My friends Fire was stolen (it was his daughters), he ordered her a HD to replace it, but I see that that whomever took the other one has wiped it and it is deregistered from his account.

I had told him to call and tell them it was stolen - but his schedule has been nuts and he hadn't gotten there.

I swear, I could make nasty remarks about certain teens right now but won't... and parents that won't make them step up and face consequences (the punk in question apparently already has a record and no one thinks it will mean anything to call the cops on him.... really)

Thanks!


----------



## SheilaJ (Apr 10, 2011)

The next door neighbor kid stole my son's kindle and because he was right next door he was able to use the kindle on my son's wifi to charge over $400 worth of kids books to my son while son and family were gone for the weekend.  How did they figure out who did it?  The stupid kid changed the name of the kindle to HIS name!  My son called Amazon about it and they refunded all the money.  Gotta love Amazon.

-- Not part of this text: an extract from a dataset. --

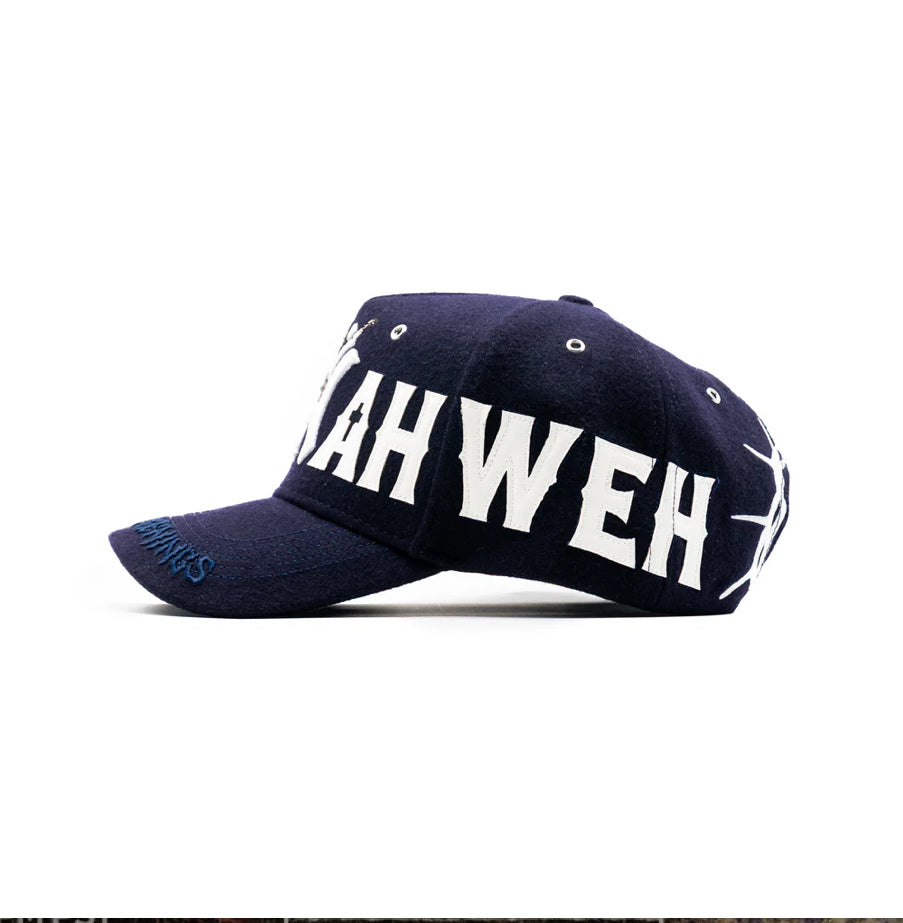 Rude awakenings “YAHWEH III”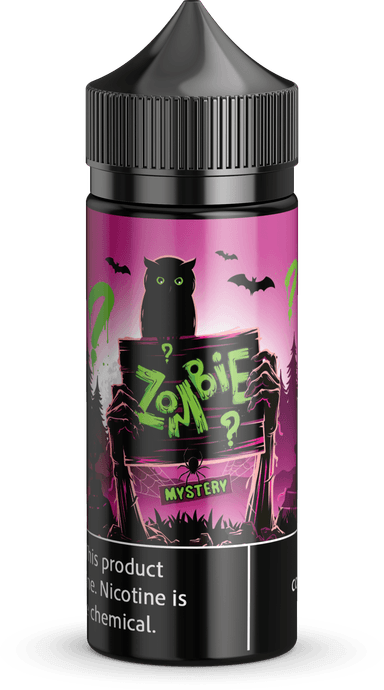 Vapergate & Alt Zero - 100mL — Zombie Mystery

Password protected doesn't work if you are using your home network with 1 click purchase.


----------



## Linjeakel (Mar 17, 2010)

TraceyC/FL said:


> My friends Fire was stolen (it was his daughters), he ordered her a HD to replace it, but I see that that whomever took the other one has wiped it and it is deregistered from his account.
> 
> I had told him to call and tell them it was stolen - but his schedule has been nuts and he hadn't gotten there.
> 
> ...


He really should have deregistered it himself once he realised it was gone. With Amazon not knowing it was stolen, the thief could have used his account to buy books or apps etc. He's lucky the thief decided to deregister it.

If your friend would report it stolen, Amazon will be able to identify it via the serial number and brick it, so it can't be used. It's unlikely the thief has been idiotic enough to register it under his own name, so it's likely that it's been sold on to some unfortunate innocent who's bought themself a stolen Fire that's shortly about to become unusable. If they know the identity of the person who sold it to them, there's a possibility he could be caught. There's even a possibility your friend might get his daughter's Fire back.


----------



## TraceyC/FL (Mar 23, 2011)

Linjeakel said:


> He really should have deregistered it himself once he realised it was gone. With Amazon not knowing it was stolen, the thief could have used his account to buy books or apps etc. He's lucky the thief decided to deregister it.


Ya, well, I told him to do that.....



> If your friend would report it stolen, Amazon will be able to identify it via the serial number and brick it, so it can't be used. It's unlikely the thief has been idiotic enough to register it under his own name, so it's likely that it's been sold on to some unfortunate innocent who's bought themself a stolen Fire that's shortly about to become unusable. If they know the identity of the person who sold it to them, there's a possibility he could be caught. There's even a possibility your friend might get his daughter's Fire back.


Great - so they will block it! I will be sure he calls.

There are dynamics at work that I can't understand nor explain as to why "they" aren't involving the authorities. Things are different here in the south....


----------